Em Os Farofeiros 2, Alexandre, Lima, Rocha e Diguinho partem com suas respectivas famílias para mais uma típica farofada. Desta vez o destino é um supostamente paradisíaco resort na Bahia, com direito a piscina de higiene duvidosa, paredes de papelão e muita confusão nas praias.

Crítica

Dentro da lógica cinematográfica industrial, continuações são muito bem-vindas porque indicam sucessos. Os Farofeiros 2 é a sequência de um longa-metragem que levou mais de dois milhões de espectadores às salas de cinema, ou seja, provavelmente há expectativas prévias de performance semelhante condicionando até as escolhas estético-narrativas. A trama mostra Alexandre (Antônio Fragoso) como um chefe cuja popularidade em baixa com sua equipe coloca em risco uma promoção futura.
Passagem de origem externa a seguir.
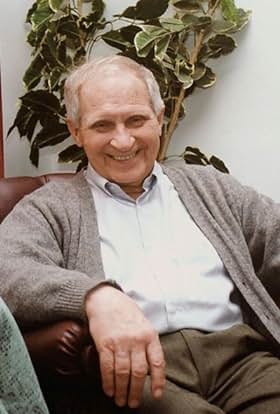 actor Zygmunt Kestowicz large photo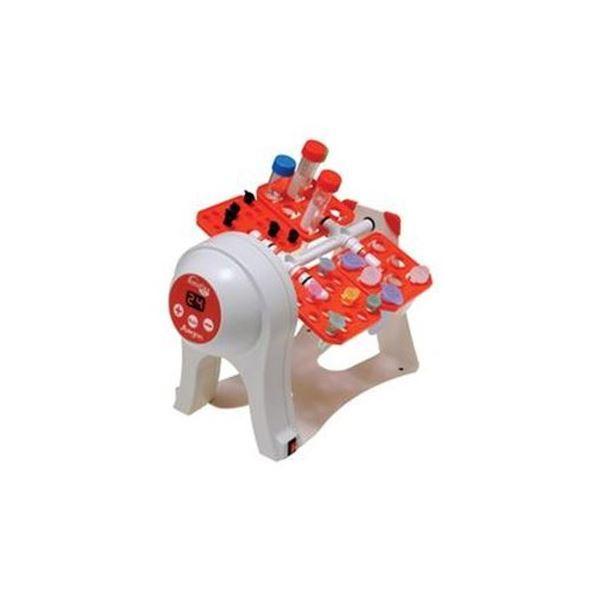 Rakuten ポイント15倍チューブローテーター Rotoflex Plus送料無料 Ds Mina Va Select Shop 通販 Yahoo ショッピング レビューで送料無料 Mediquicklab Com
Aconselhado pela superior a dividir com os subordinados um prêmio por êxito profissional, ele coloca todo mundo num ônibus caindo aos pedaços rumo à Bahia, agindo com o bom e velho puxa-saquismo corporativo visando se dar bem. No entanto, o mais interessante no ponto de partida desse filme é a constituição do grupo de narradores. Os filhos desses farofeiros são pegos na escola com redações absolutamente iguais sobre as férias. Obrigados pela diretora a contar o que realmente aconteceu no recesso, os pequenos vão colando retalhos e nos apresentando as tais férias frustradas. Então, o diretor Roberto Santucci tem narradores pouco confiáveis que, ainda por cima, são crianças dadas a aumentos e invenções. Pena que Santucci não elabore essa curiosa ideia dos contadores de causo que podem simplesmente estar mandando lorotas na direção da educadora que deseja os punir por plágio.

O fato de as crianças contarem Os Farofeiros 2 pouco importa, exatamente porque o roteiro assinado por Paulo Cursino não trabalha a dúvida como elemento dramático. Outro problema que pode ser creditado ao roteiro é o desequilíbrio entre os núcleos, com personagens aparecendo de modo muito desproporcional se comparados aos demais. Exemplo disso é Alexandre, em tese o protagonista cuja ambição motiva toda a confusão no fim de mundo vendido pela publicidade como resort paradisíaco. Ao longo da trama são raros os instantes em que a motivação (reverter a imagem negativa perante os subordinados) justifica qualquer coisa. O personagem é eclipsado por sua esposa, Renata (Danielle Winits), a típica dondoca de comportamento sempre histriónico, com caras e bocas exageradas ao ponto de ultrapassar o potencial cômico da caricatura e gerar certa irritação. Winits passa o filme inteiro gritando, reclamando, tendo atitudes pouco gregárias, ou seja, apagando completamente Alexandre. Mas, Paulo Cursino é dado a se antecipar às críticas e, lá pelas tantas, coloca na boca da própria Renata a consciência disso de modo metalinguístico. Ao serem indagadas sobre o que estão vendo no tablet, as crianças falam “Os Farofeiros 2” e Renata responde algo assim: “ah, não gosto de comédia brasileira, especialmente essa, em que mulheres não param de gritar e riem de pobres”.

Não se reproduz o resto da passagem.